Health Class 2.0 is a Lang faculty project founded in 2011 by professor Natalia Mehlman Petrzela and her longtime friend Ellen Gustafson, a respected analyst of public policy on food who has worked with the United Nations. The organization is dedicated to empowering young people and their communities to think critically about health, food, and exercise and transform their own lives and the world around them as a result. It’s a formidable challenge: According to the American Heart Association, today nearly one in three Americans is overweight or obese. Diabetes, high blood pressure, and depression are just some of the side effects.
Health Class 2.0 addresses this wellness crisis in a number of ways.

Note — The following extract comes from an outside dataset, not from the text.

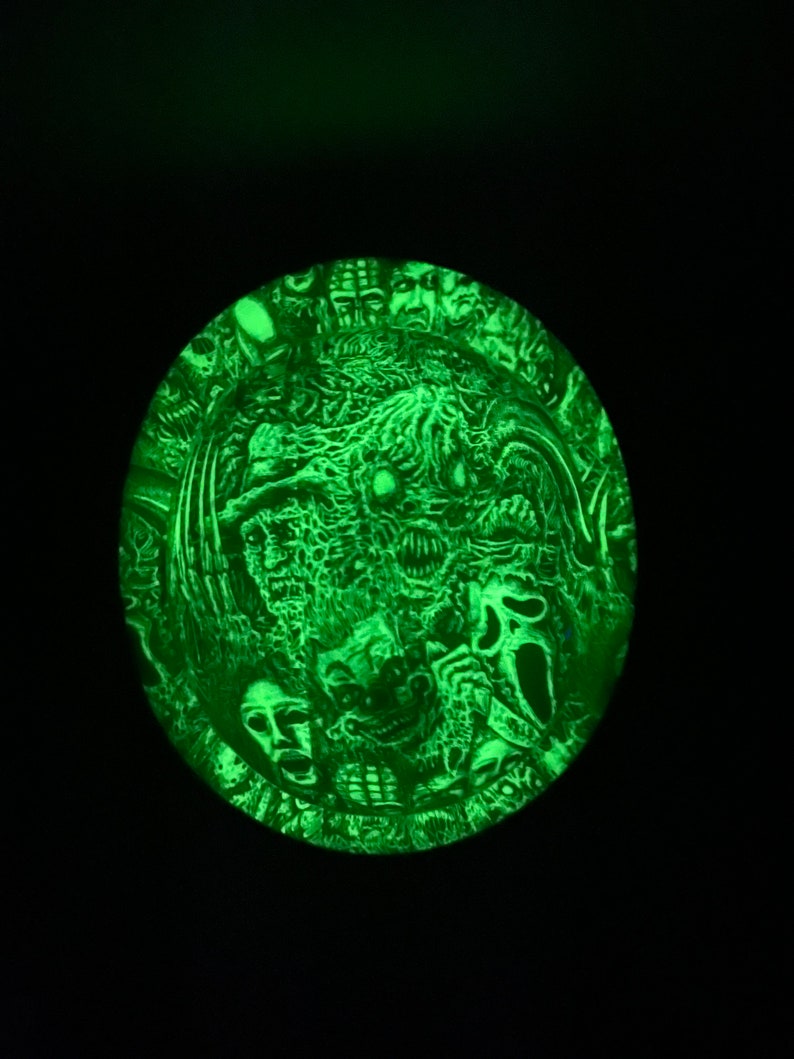 Horror Characters Glow in the Dark image 5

Students from Lang, as well as Petrzela, Gustafson, Herring, and other staff, lead exercise classes at New York City public high schools and middle schools as part of a weeks-long curriculum. After the movement portion of each class, the Health Class 2.0 leaders lead discussions about making good decisions, including ones related to diet, for healthy lives.
“Kids need to be able to keep health and wellness in the forefront of their minds,” says Herring. “They’re old enough to make choices. When they are heading to a friend’s house after school and stop by a bodega on the way, they make choices about what to put in their bodies.” One of Health Class 2.0’s goals is to ensure that kids keep their well-being in mind when making those decisions.
How do the students react? “There’s a whole range in the exercise classes” says Herring. “It’s a lot of fun to see. Some kids immediately catch on. Some kids right away feel proud of themselves for remembering the moves. When there’s a repeated action, when I say something and the kids respond, they say it with me. Some make up their own move. Sometimes there’s a kid who doesn’t do the moves much. So we’ll go up and show them how to do it in a way that isn’t isolating. We’ll be smiling. Some kids sit down, and that’s okay, too.”
Under Herring’s leadership, Health Class 2.0 is rapidly growing: They have doubled the number of participating New York City schools in the past few months and expanded their full-time staff. Herring has grown with the organization, as well. A year after joining as a student volunteer, she’s been promoted to Executive Director of that organization. Her rapid rise from student volunteer is a testimony to her commitment to the organization and its mission; Herring believes that Health Class 2.0 is leading some of the most important work in American health policy being done.
She is excited to help the organization touch more lives with a straightforward message: “We’re doing this because we value ourselves, and we’re giving the students attention because we value them,” she says. “Ultimately, the message to young people is that they have a choice: Right now you have the choice to be your best.” It is her hope that they choose wisely.